ともに泣き、ともに笑おうと、チーム一人一人への声かけや気遣いができる政治家がいたことを、激戦のさなかですが忘れないでほしいし、さすがは自民党出身の大臣だとの思いがします。引退した羽田孜先生、渡部恒三先生、藤井裕久先生さらに滝実法相のみならず、自民党出身の民主党議員はだいぶ減りそうな気配ですが、松下先生の志が、選挙後に生まれるシャープでオープンな新しい民主党に引き継がれていってほしいものです。
[国会会議録データベースから引用はじめ]
181臨時国会
衆議院本会議 第5号 平成24年11月15日(木)
(前略)
○議長(横路孝弘君) 御報告することがあります。
議員松下忠洋君は、去る九月十日逝去されました。

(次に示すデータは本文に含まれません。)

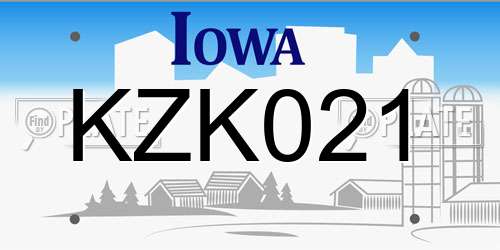 KZK021 Iowa License Plate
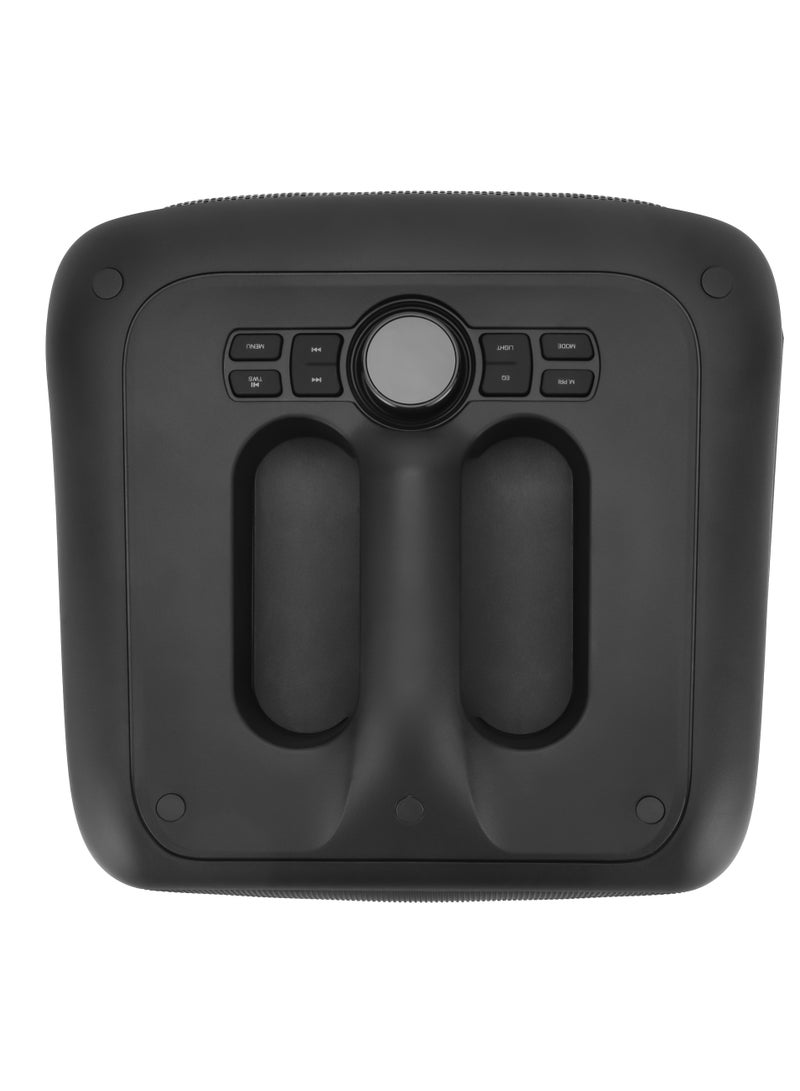 Geepas Portable & Rechargeable Party Speaker With EQ Setting, FM Radio, LED Light, LINE/USB/TF Card/AUX, TWS Connection, Bluetooth, Wireless Microphone, Remote Control, Woofer, Tweeter & Power Adapter
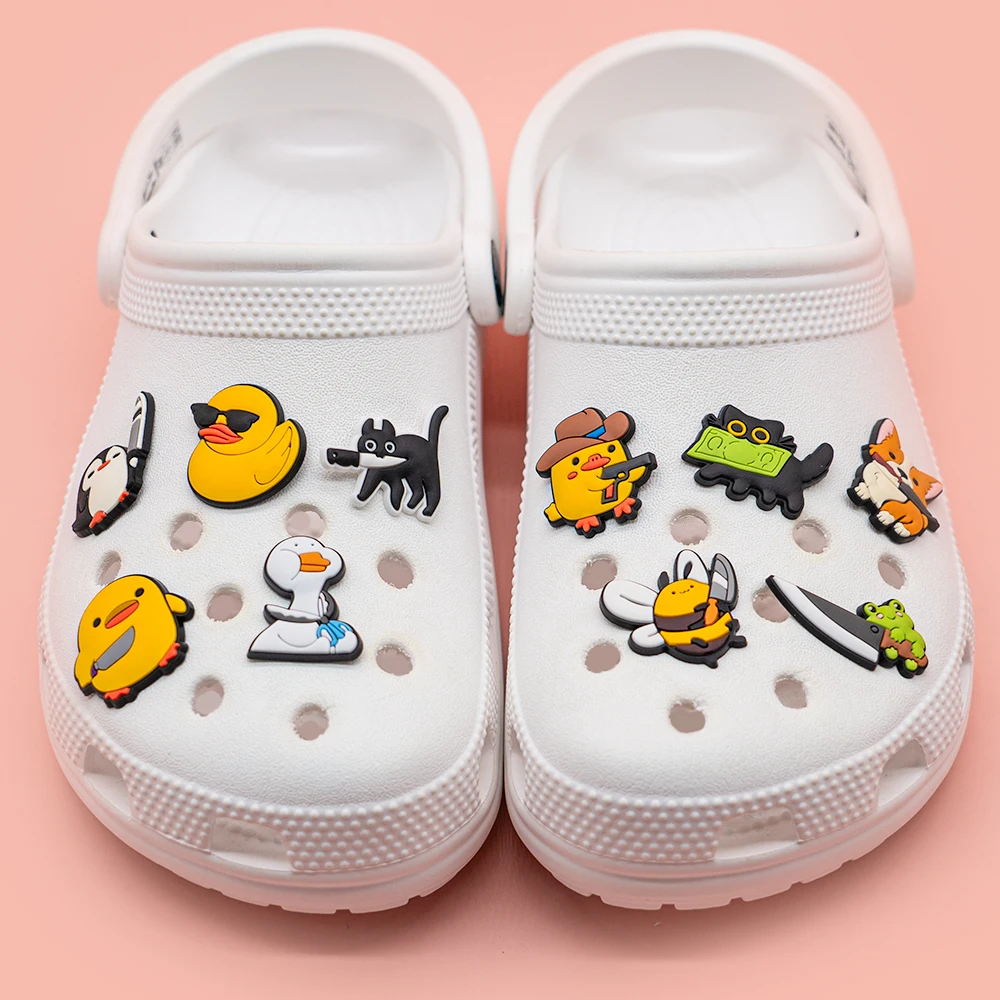 1/10 Stück Cartoon Tiere Schuh Charms Enten Pinguine Katzen Schuh Dekorationen Zubehör Frösche Hunde Pins für Frauen Kinder Clog Schnallen – Detail 4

まことに哀悼痛惜の至りにたえません。
つきましては、松下忠洋君に対し、弔詞を贈呈いたしたいと存じます。
弔詞は議長に一任されたいと存じます。これに御異議ありませんか。
〔「異議なし」と呼ぶ者あり〕
○議長(横路孝弘君) 御異議なしと認めます。よって、そのとおり決まりました。
弔詞を朗読いたします。
〔総員起立〕
衆議院は 多年憲政のために尽力し さきに内閣委員長の要職にあたられた国務大臣議員松下忠洋君の長逝を哀悼し つつしんで弔詞をささげます
この弔詞の贈呈方は議長において取り計らいます。
―――――――――――――
故議員松下忠洋君に対する追悼演説
○議長(横路孝弘君) この際、弔意を表するため、小渕優子さんから発言を求められております。これを許します。小渕優子さん。
〔小渕優子君登壇〕
○小渕優子君 ただいま議長から御報告のありましたとおり、本院議員松下忠洋先生は、去る九月十日、御逝去されました。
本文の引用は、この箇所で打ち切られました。